Tidak hanya itu, Presiden RI pertama Rano Karno Sukarno pernah mengatakan pada salah satu pidatonya: “Jangan sekali-sekali meninggalkan sejarah”. Kata-kata filosofis ini menjadi bukti bahwa kami adalah orang penting. Setidaknya, bagi kami, haram meninggalkan saat memang tidak ada pilihan lain selain menetap.
Pesan saya untuk Adek-Adek yang nanti akan menghadapi soal-soal SBMPTN: jangan lupa kuatkan tekad dan niat. Jikalau nanti kalian terjurumus masuk jurusan yang saya saat ini geluti, kalian patutlah bersyukur.
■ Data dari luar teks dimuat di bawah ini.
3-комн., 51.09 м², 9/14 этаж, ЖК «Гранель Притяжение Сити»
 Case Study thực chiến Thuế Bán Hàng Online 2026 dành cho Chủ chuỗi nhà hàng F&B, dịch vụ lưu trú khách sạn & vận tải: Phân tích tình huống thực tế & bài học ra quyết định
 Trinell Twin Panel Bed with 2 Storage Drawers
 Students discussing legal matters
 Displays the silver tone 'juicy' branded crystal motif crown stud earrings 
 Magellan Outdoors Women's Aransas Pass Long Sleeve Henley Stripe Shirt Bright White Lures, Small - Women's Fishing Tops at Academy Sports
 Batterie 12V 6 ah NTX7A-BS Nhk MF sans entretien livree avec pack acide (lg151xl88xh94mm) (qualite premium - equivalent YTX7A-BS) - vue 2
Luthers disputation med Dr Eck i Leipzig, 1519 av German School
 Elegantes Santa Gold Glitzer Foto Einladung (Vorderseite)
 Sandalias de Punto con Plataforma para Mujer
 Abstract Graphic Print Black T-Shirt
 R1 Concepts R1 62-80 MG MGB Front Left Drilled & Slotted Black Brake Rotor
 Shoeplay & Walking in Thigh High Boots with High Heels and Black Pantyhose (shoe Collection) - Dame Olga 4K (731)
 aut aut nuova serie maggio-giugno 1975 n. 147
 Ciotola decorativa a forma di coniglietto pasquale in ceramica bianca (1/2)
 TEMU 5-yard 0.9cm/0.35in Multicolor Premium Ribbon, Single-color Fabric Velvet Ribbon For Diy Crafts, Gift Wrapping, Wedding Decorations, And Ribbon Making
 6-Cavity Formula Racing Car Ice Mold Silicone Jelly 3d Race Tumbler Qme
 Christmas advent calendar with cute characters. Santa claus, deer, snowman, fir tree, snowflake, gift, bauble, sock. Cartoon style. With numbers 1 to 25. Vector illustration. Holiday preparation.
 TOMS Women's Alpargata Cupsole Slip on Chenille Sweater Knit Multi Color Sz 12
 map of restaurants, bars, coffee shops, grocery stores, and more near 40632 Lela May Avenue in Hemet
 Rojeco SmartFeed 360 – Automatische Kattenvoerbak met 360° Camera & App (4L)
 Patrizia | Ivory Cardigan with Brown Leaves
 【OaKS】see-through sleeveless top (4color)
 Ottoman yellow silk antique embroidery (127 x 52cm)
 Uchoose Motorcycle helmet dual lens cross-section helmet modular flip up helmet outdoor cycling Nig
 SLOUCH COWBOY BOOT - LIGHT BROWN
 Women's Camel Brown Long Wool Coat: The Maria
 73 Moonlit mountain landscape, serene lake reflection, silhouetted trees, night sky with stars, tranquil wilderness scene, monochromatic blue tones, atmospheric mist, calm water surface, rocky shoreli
Selain kalian akan menjadi orang yang bijak, pintar, dan mampu menyelesaikan problematika bangsa, kalian juga bisa meringankan beban orang tua dengan biaya kuliah yang murah dibanding jurusan lain. Sangat inspiratif, bukan?
Jadi, untuk orang-orang yang masih suka menganggap Sejarah adalah jurusan para kutu buku dan kerjanya gorek-gorek tanah, sini biar ketemu saya! Biar saya tabokin sama buku pegangan Sejarah Nasional Indonesia (SNI) 6 jilid!
Mungkin dengan begitu, mereka baru bisa sadar kalau meremehkan sejarah sama saja dengan meremehkan dirinya sendiri. Mamam!